In this exercise, the quadratic equation was 5/4x^2 - x - 3 = 0. By multiplying by 4 to clear the fraction, we had 5x^2 - 4x - 12 = 0. Using the quadratic formula with a = 5, b = -4, and c = -12, we solved for x, yielding the solutions x = 2 and x = -1.2.

circle equations

Circle equations are typically written in the form (x-h)^2 + (y-k)^2 = r^2 where (h, k) denotes the center, and r is the radius. For our problem, the circle equation is (x-1)^2 + (y-1)^2 = 5. This tells us that the circle's center is at (1, 1), and the radius is √5 (since 5 is the square of the radius).

The center and radius can help graph a circle accurately. Circle equations may require manipulation, like completing the square when not in standard form. Here, identifying these parameters quickly reveals both the circle's size and position on the coordinate plane.

line equations

Line equations can come in various forms: general form (Ax + By = C), slope-intercept form (y = mx + b), and point-slope form (y - y1 = m(x - x1)). In this exercise, the given line equation is x + 2y = 0. By converting it to slope-intercept form, y = -1/2x, we make it easier to graph. 
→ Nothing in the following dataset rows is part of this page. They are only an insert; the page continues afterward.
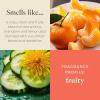image:imagePartyLite Gift Set of 12 Universal Tea Lights Fig Fatale Scented Notes of Apricot Green Fig Peach Mango Strawberry and Vanilla 46 Hour Burn Time Luxurious amp Rich Perfect for GiftingCucumber  Clementine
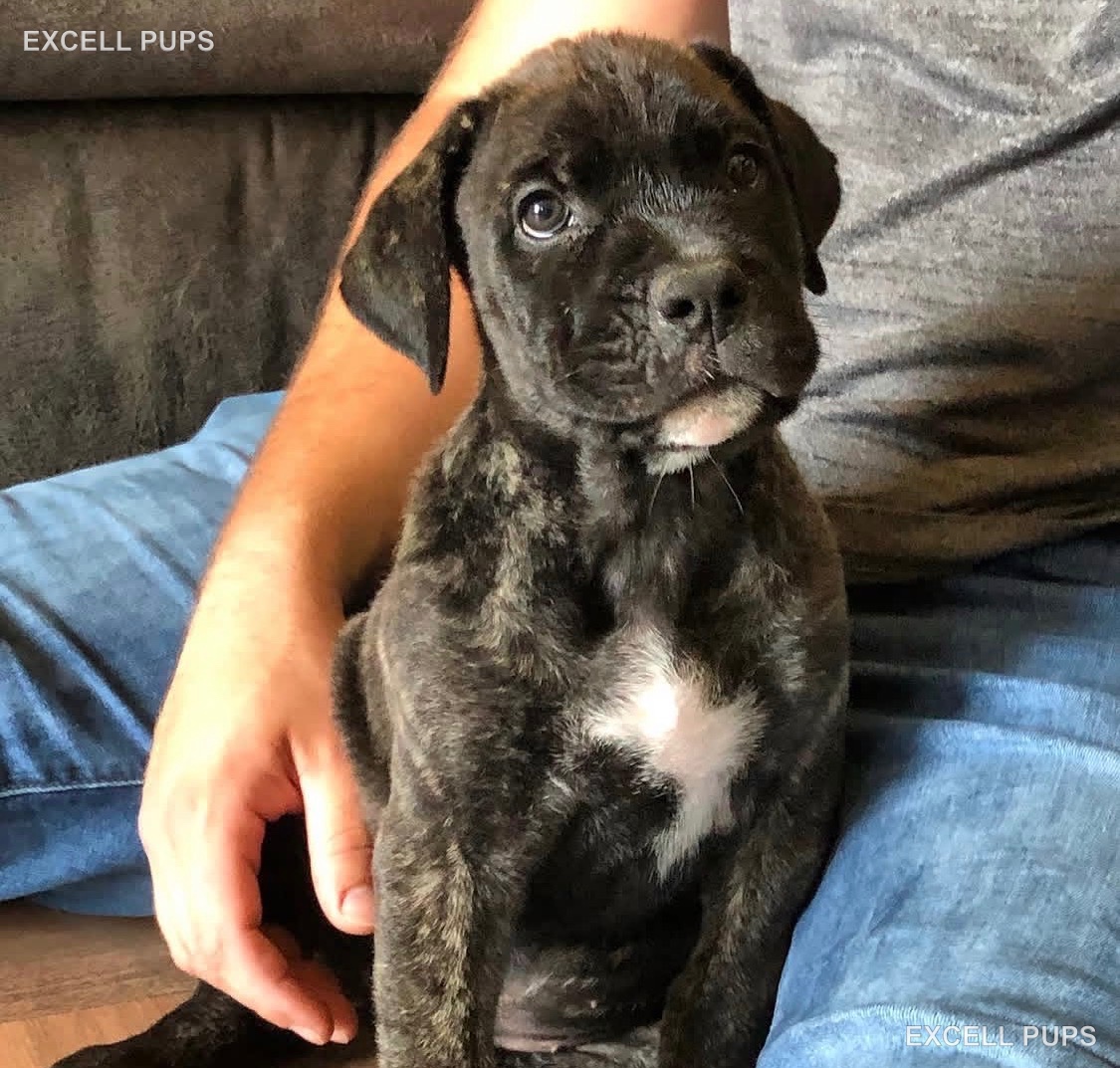 Maverick  - Cane Corso puppy
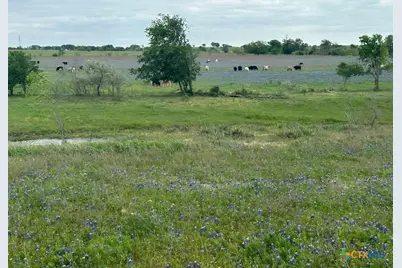 Tbd Hackberry Road, Salado, TX 76571 - Photo 4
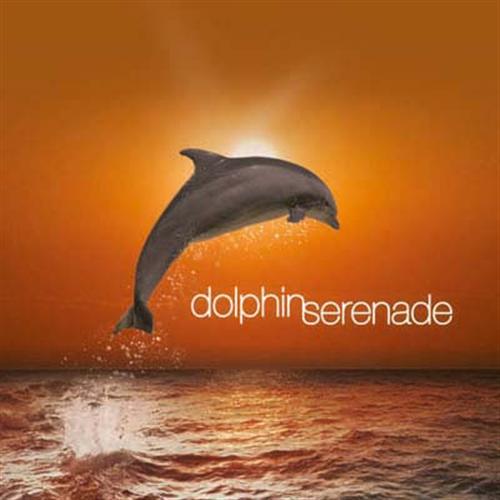 Regnbgsvvar Dolphins Serenade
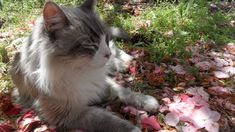 a gray and white cat laying on top of leaves in the grass next to flowers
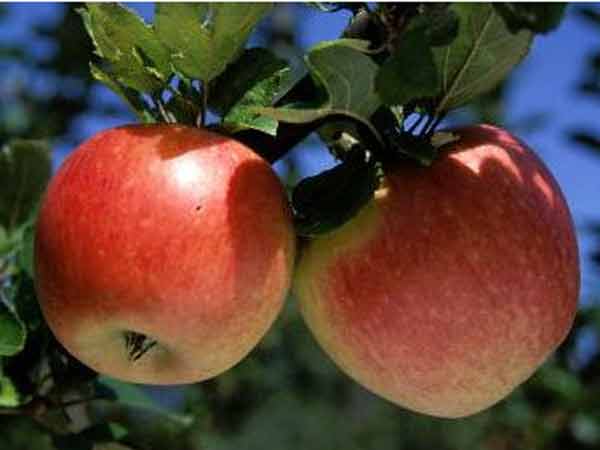 Obsthof Cordes - Fruchtfoto Alkmene Apfel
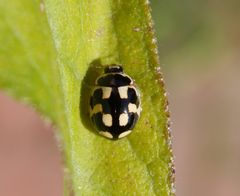 Eine neue Farbvariante von Propylea quatuordecimpunctata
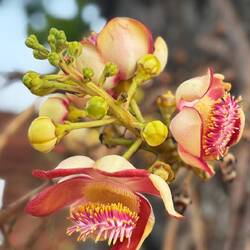 The amazing waxy flowers of the cannon ball tree.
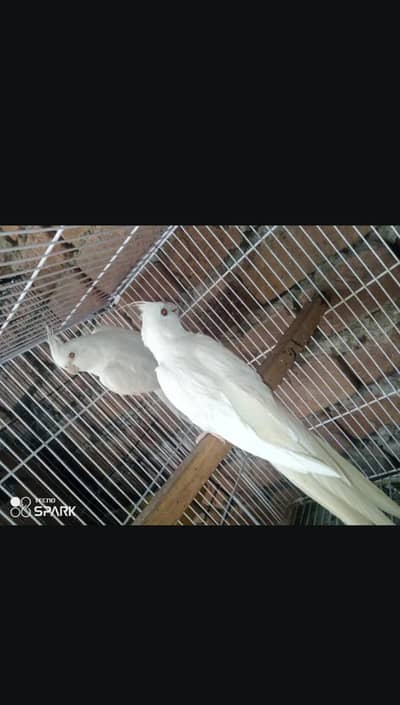 Aino cocktail pair available and female pied ,Grey number 03117246019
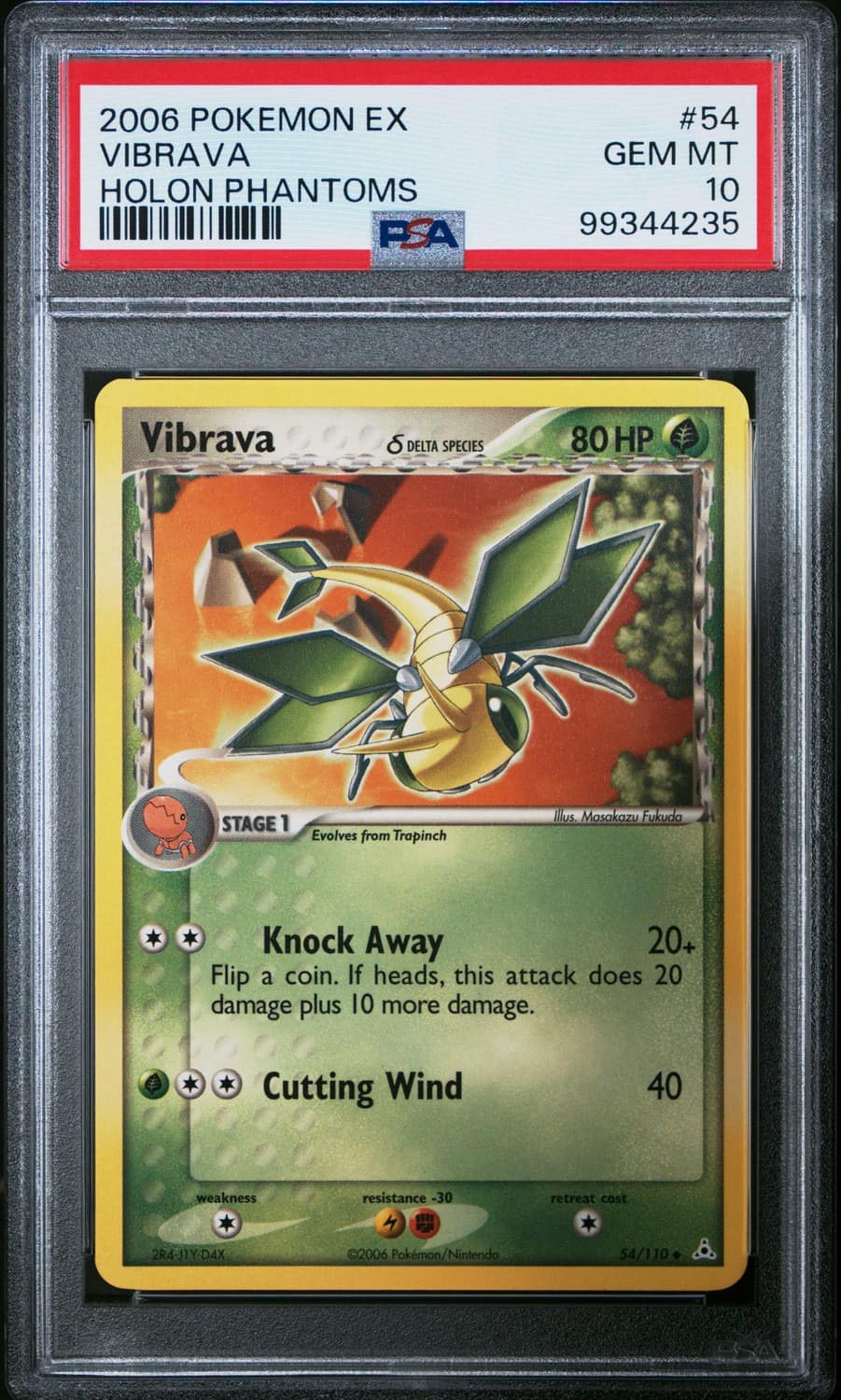 Vibrava δ
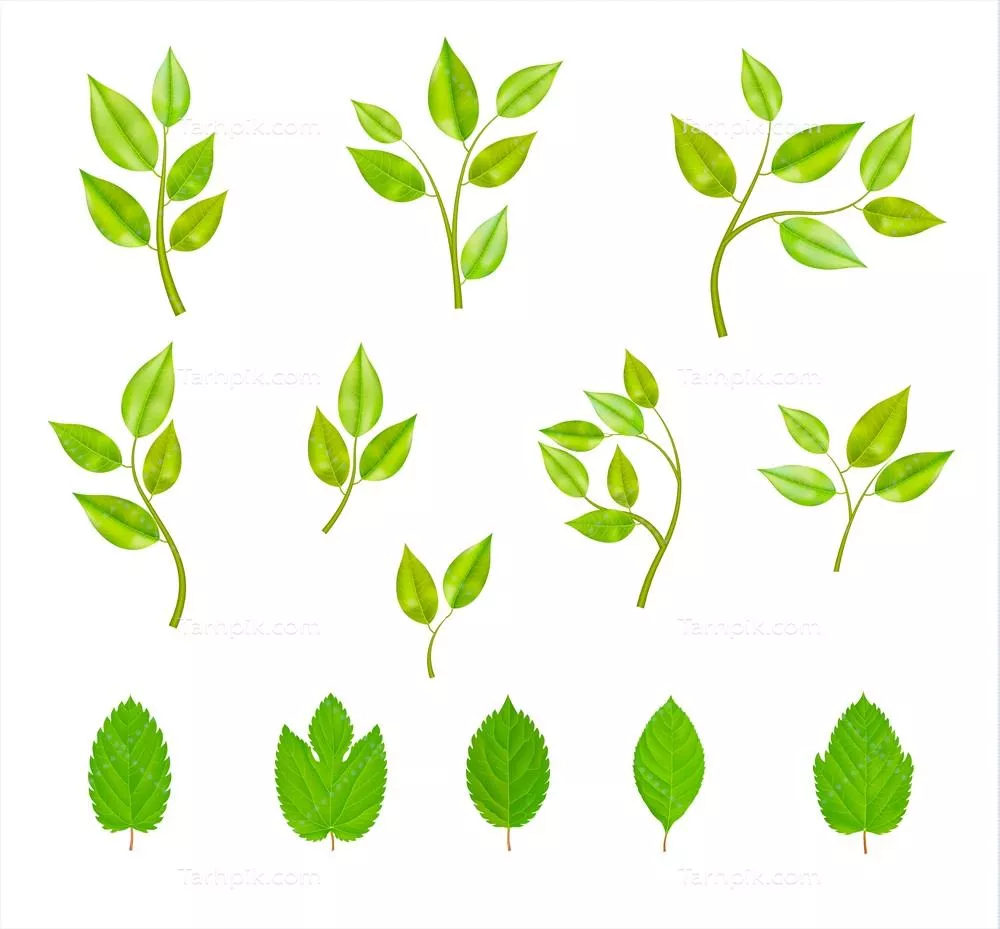 وکتور مجموعه ایزوله از شاخه های درختی با برگ های زیبا و متنوع
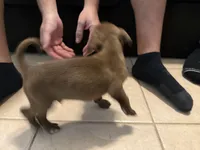 Scrappy, a female Bull Terrier for sale in Dade City, FL – Photo 2 of 5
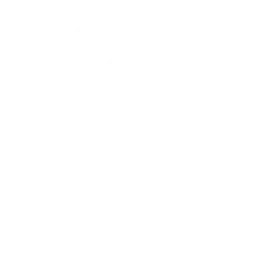 diploma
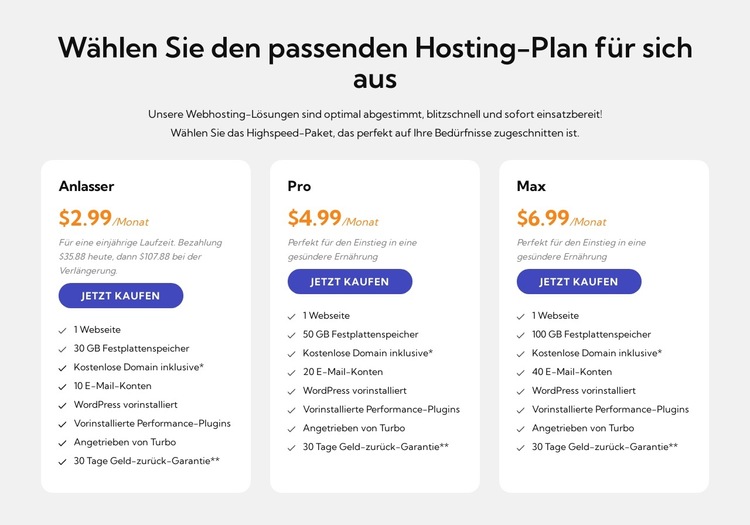 Hosting-Plan Website-Vorlage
The slope-intercept form highlights the line's slope, m = -1/2, which indicates its steepness and direction. Starting from this form simplifies finding key points along the line. For example, at x = 2, y = -1 gives us one point on the graph. These methods illustrate that converting and graphing line equations leverages their inherent properties for better visualization.